The school was founded in 1913 in a two-story brick building built on 12 acres; it burned down in 1937. The second building burned down 13 years later in 1950. The third and current school is near the intersection of Tazewell Pike and East Emory Road.

When the new Gibbs Elementary School opened across Tazewell Pike in 2007, the high school began using the old elementary school building as an on-site career and technical education facility.
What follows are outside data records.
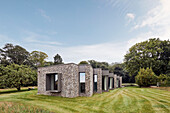 The offset façade of a house made of flint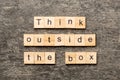 Think outside the box word written on wood block. Think outside the box text on cement table for your desing, Top view Royalty Free Stock Photo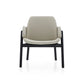 Modern chair with beige cushion and black frame on a white background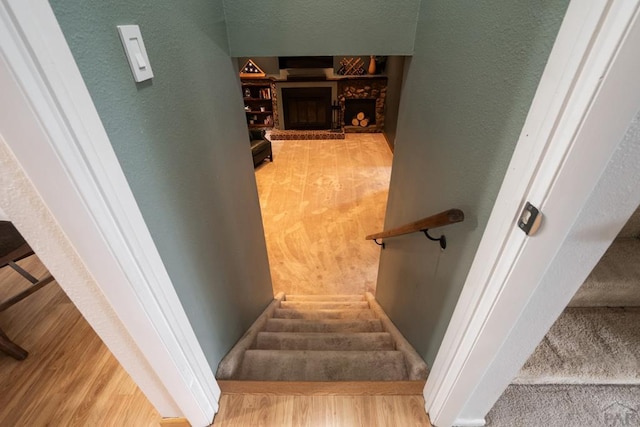 20 N 32nd St, Colorado Springs, CO 80904 - staircase featuring wood finished floors, a fireplace, and a textured wall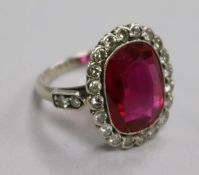 A mid 20th century platinum?, synthetic ruby and diamond set oval dress ring, size I.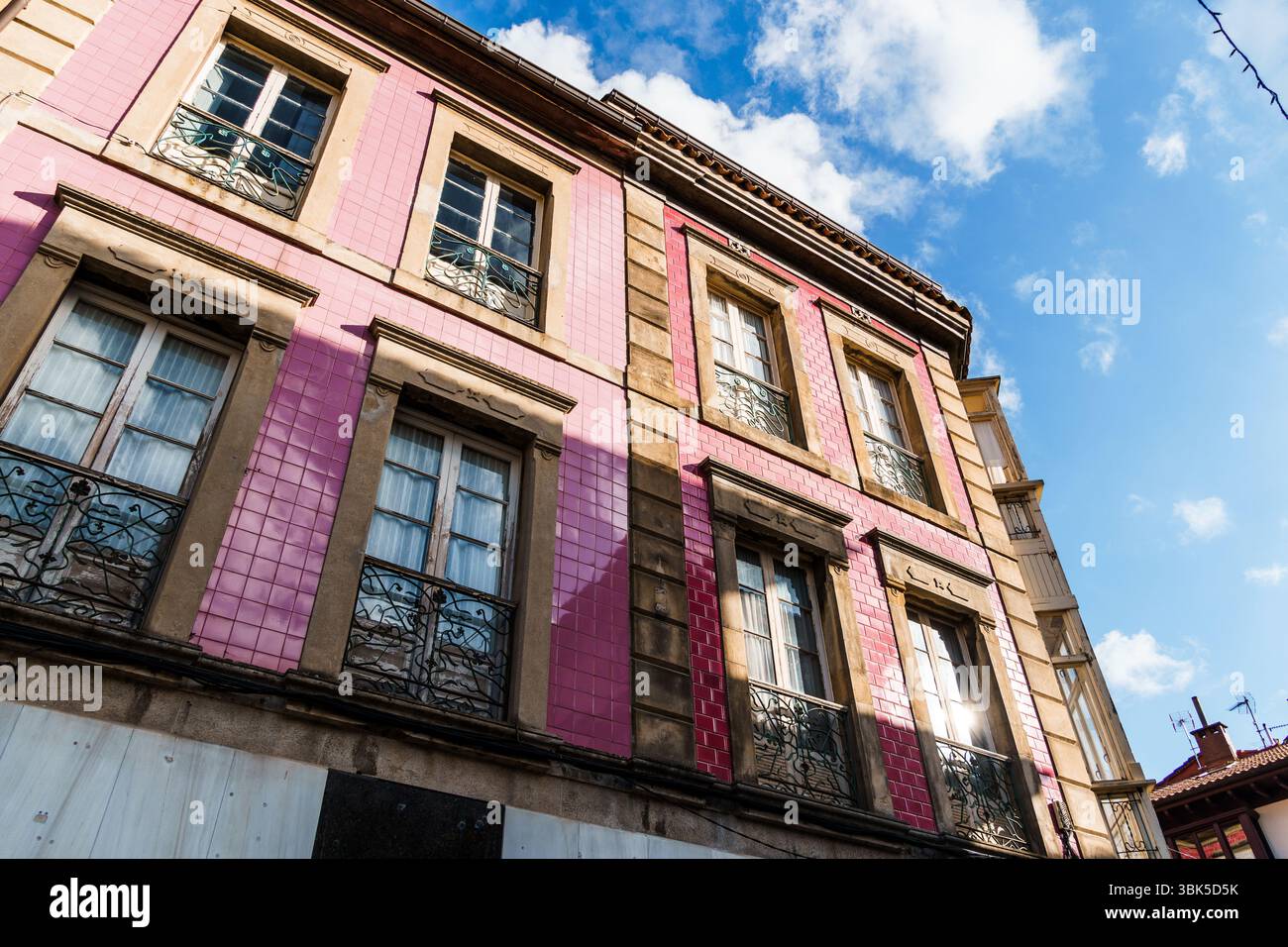 Edificio piastrellato di rosa con finestre multiple e balconi sotto un cielo luminoso. Villaviciosa, Asturie Foto Stock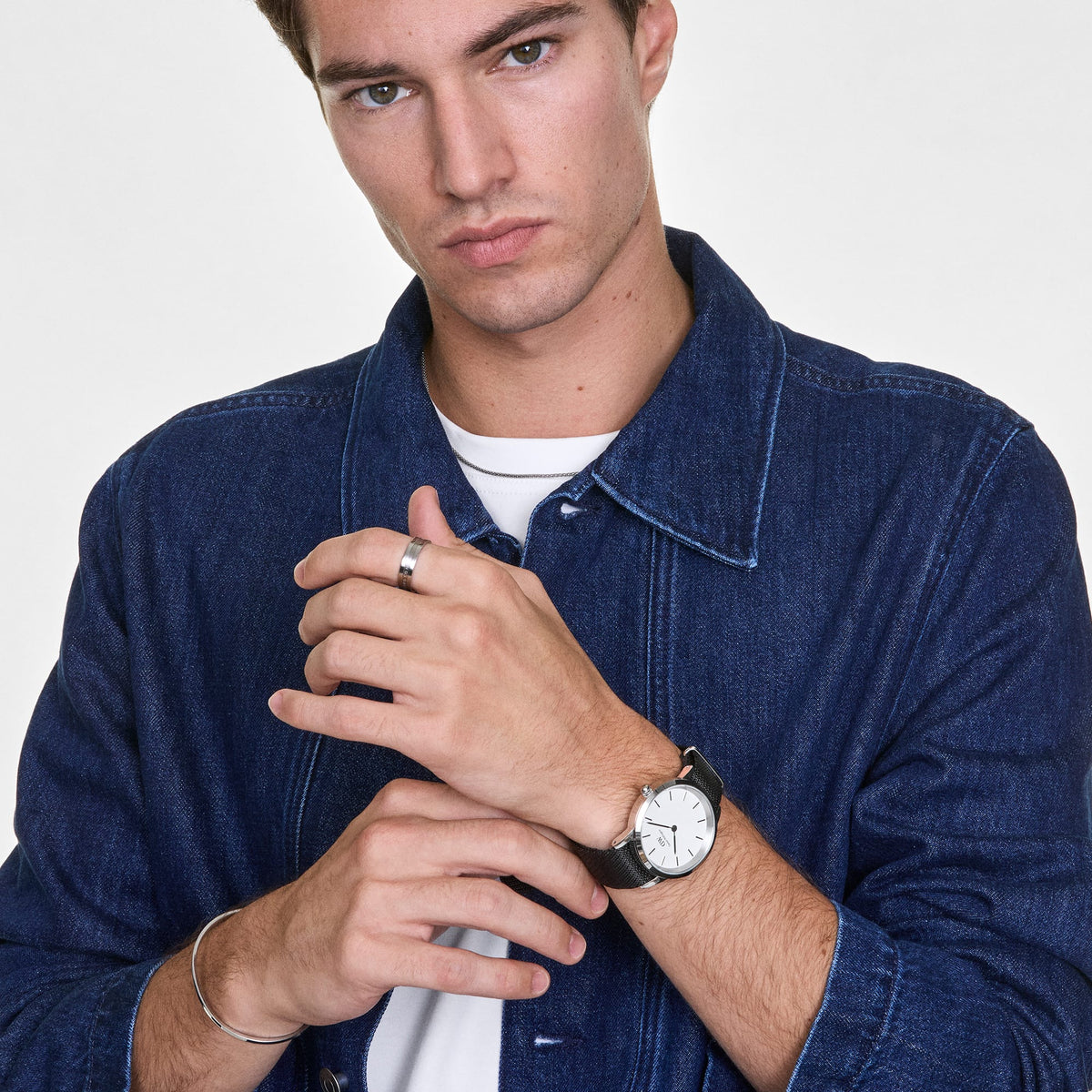 A man wearing the Elan Ring Silver on his finger, styled with a denim jacket, white t-shirt, and a classic Daniel Wellington watch for a modern, understated look.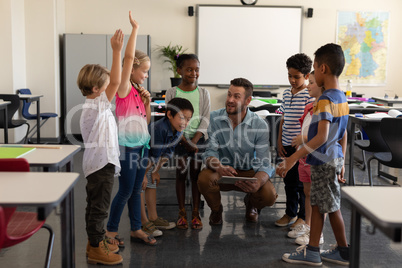 School kids raising hands while teacher teaching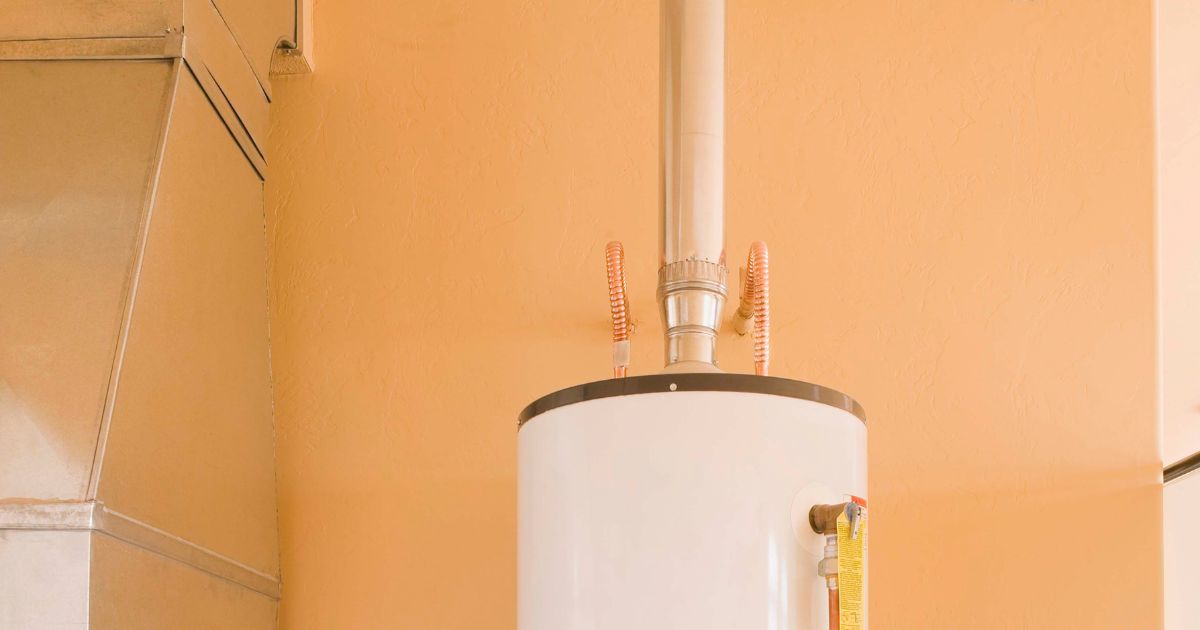 a flue coming out of the top of a water heater in front of a light orange wall Mid-Valley Chimney Repair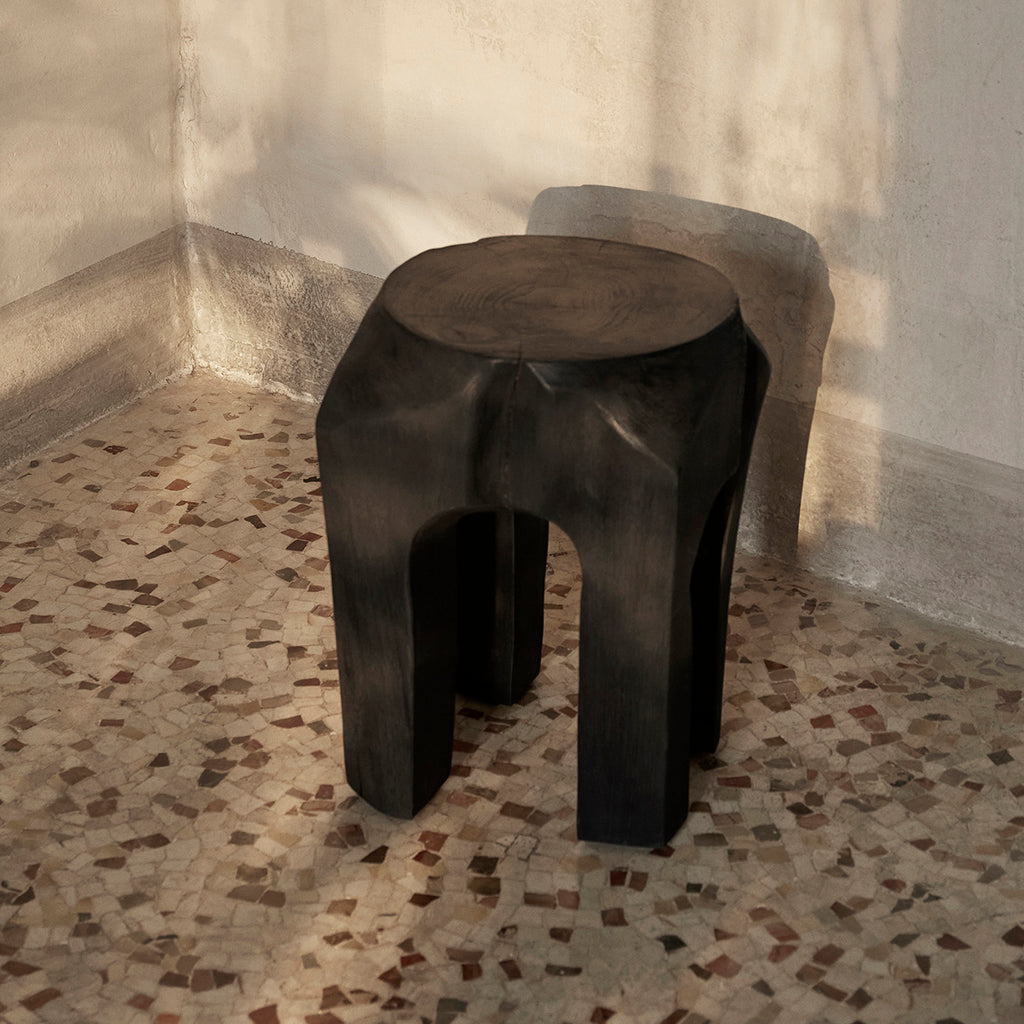 Ferm Living Root Stool shown near plaster wall and mosaic stone floor.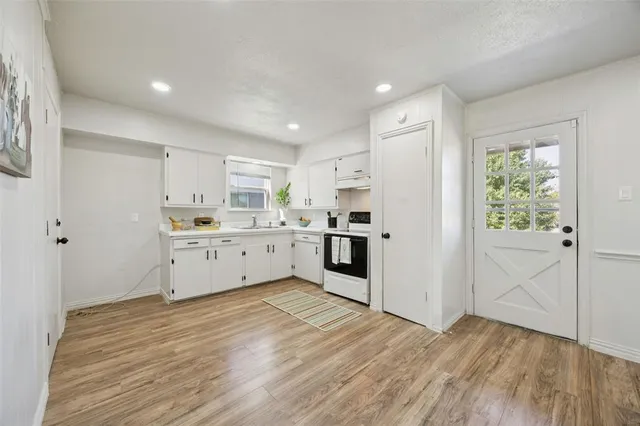 a view of a kitchen with wooden floor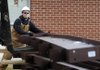 Michael Bisbee, with Multi-Craft Contractors, shifts a section of structural steel as a co-worker uses a loader to stack the pieces Tuesday at Central Junior High School in Springdale. The pieces will be moved by a 60-ton crane for construction of an addition to the school.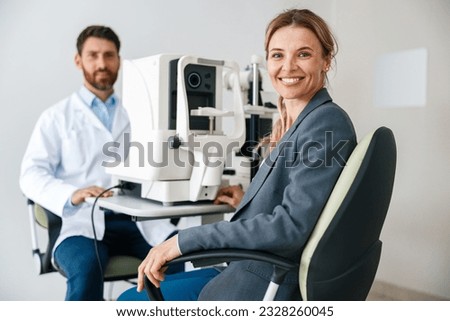 Woman happy with result after checking eyesight in ophthalmology clinic  Royalty-Free Stock Photo #2328260045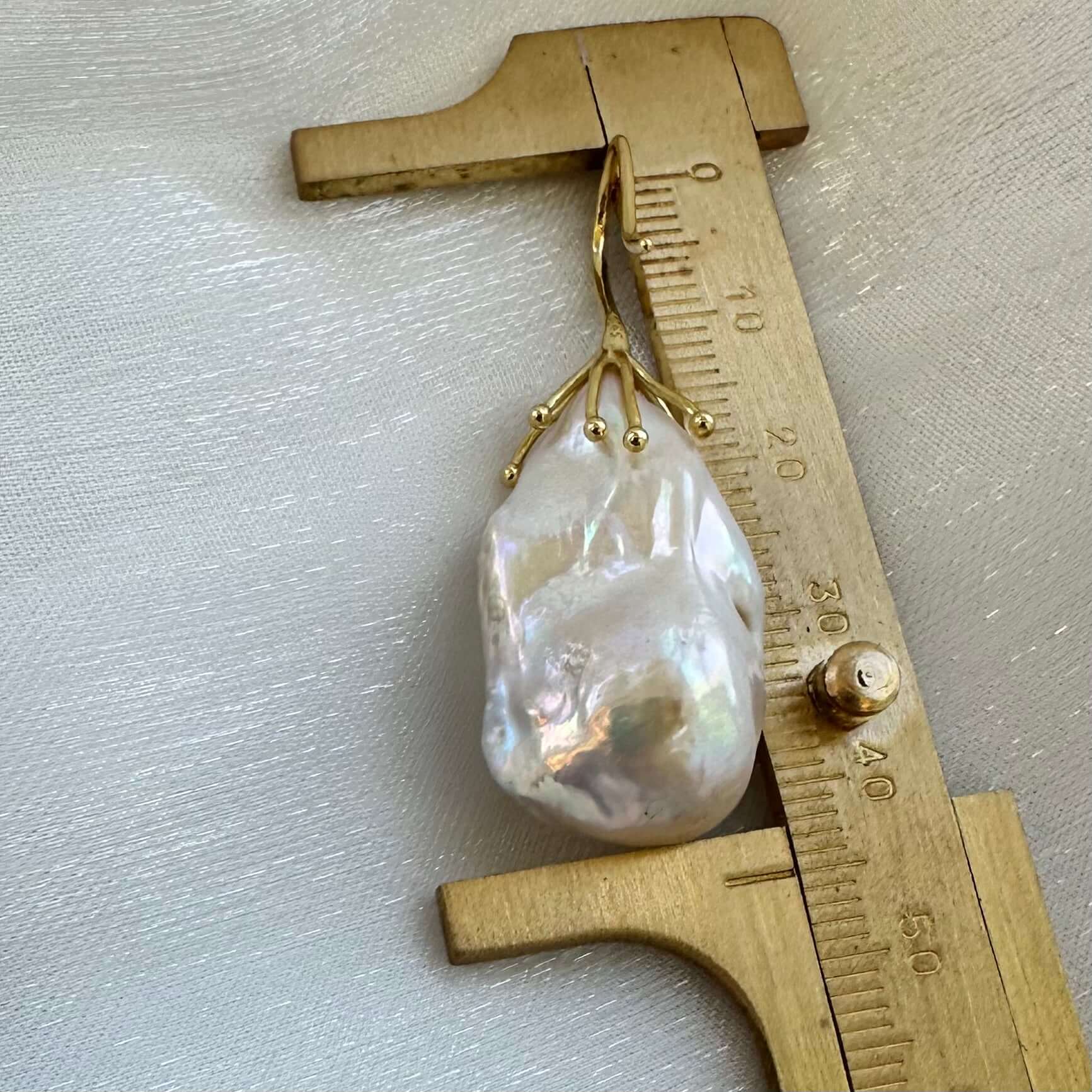 Baroque pearl drop earring size comparison with ruler, white freshwater pearls shown in detail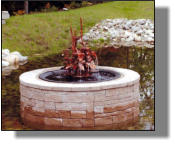 Madison Five fountain with kettle used as insert in nice brick surround in Maine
Gibbs' principal is Jason Webster.

== Notable alumni ==
- Trevor Bayne, Nascar driver, Daytona 500 winner
- Kenny Chesney, country singer, graduated in 1986
- Ed Hooper, writer and producer, graduated in 1981
- Phil Leadbetter, bluegrass guitarist
- Ashley Monroe, country singer, member of the Pistol Annies
- Morgan Wallen, country music artist
- Dave Wright, politician.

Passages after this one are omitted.